Kamienne mury, sterczące w okolicy bez ładu i składu, były tak stare, że ziały w nich dziury po brakujących kamieniach, a ich szczyty, skruszone i pokrzywione w uskokach, daleko odbiegały od jakiejkolwiek poziomej czy choćby równej linii. Daniel mógłby pomyśleć, że znalazł się na całkowitym odludziu, gdyby nie zasuszone owcze bobki, roztrącane butami Newcomena i chrzęszczące mu pod podeszwami. Na niektórych pagórkach rosły jodłowe zagajniki, piękne, gęste i miękkie jak skóry arktycznych ssaków. Smagane wiatrem wydawały odgłos przywodzący na myśl lodowatą wodę burzącą się na ostrych kamieniach. Większość ziemi była jednak porośnięta wrzosem, który na zimę przybrał kolor starych zwłok. Tam wiatr milczał, jeśli nie liczyć zgiełku, który wzbudzał, tłukąc się po serpentynach małżowin usznych Daniela, jak pijany włamywacz po ciemnym domu.
Spośród rzadko rozsianych na widnokręgu torów Crockern był najniższy i najmniej rzucał się w oczy, ale za to znajdował się najbliżej traktu – i pewnie dlatego został wybrany. Właściwie nie wyglądał nawet jak tor z prawdziwego zdarzenia, bardziej jak kikut i garść gruzu, pozostałych po prawdziwym, godnym tego miana torze, który ktoś ściął i wziął sobie na pamiątkę. Wspięli się na płaskowyż wznoszący się nad wrzosowiskiem – i dopiero wtedy zobaczyli, jak bardzo tor nad nimi góruje. Ludzie i konie, skuleni po jego zawietrznej stronie, dawali pewne pojęcie o jego rzeczywistych rozmiarach i dzielącej ich odległości: było dalej i bardziej pod górę niż się spodziewali – jak to zwykle bywa, gdy cel podróży jest trudno dostępny. Mieli wrażenie, że mozolą się całymi godzinami i wcale nie posuwają naprzód, ale kiedy Daniel obejrzał się przez ramię na przebytą drogę, serpentyny, których wcześniej nie zauważał, wydały mu się ściśnięte jak palce dwu splecionych pięści.
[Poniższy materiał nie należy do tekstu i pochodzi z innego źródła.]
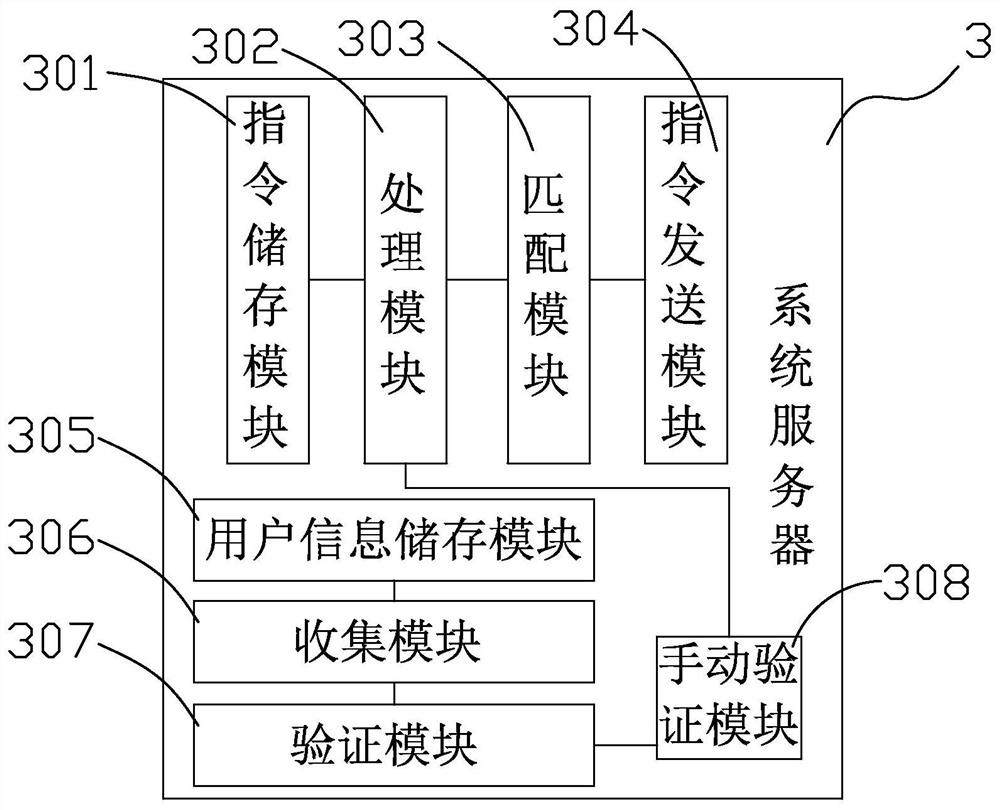 Large screen control system and method based on voice recognition module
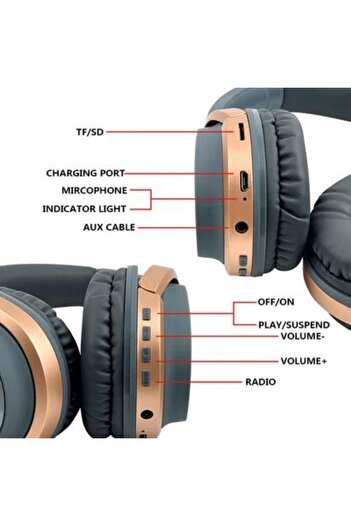Sunix 20w Süper Bass Csr Çip 200 Saat Bekleme Süreli 5.0 Kulak Üstü Bluetooth Kulaklık Gri Blt-20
Tory były kamiennymi ostańcami, zbudowanymi z tego rodzaju warstwowych skał, jakie zdaniem Leibniza powstawały na dnie rzek. Wiatr powygryzał z nich co miększe warstwy, pozostawiając obłe dyski, ułożone jeden na drugim w pozornie chwiejne stosy, jakby szukające oparcia w sobie nawzajem; przywodziły na myśl sterty zaczytanych książek w bibliotece, które szukający w nich czegoś mędrzec niedbale odłożył na bok. Pozostałości po tych, które runęły, leżały rozwłóczone na stokach wzgórz, na wpół zagrzebane w ziemi i wbite pod najdziwniejszymi kątami, niczym odrzucone z niesmakiem trzytomowe traktaty. Na tej wysokości wiatr się wzmógł. Małe brunatne ptaszki machały skrzydełkami ze wszystkich sił, ale spychane niewidzialnym prądem powietrza mijały Daniela w powolnym locie wstecznym.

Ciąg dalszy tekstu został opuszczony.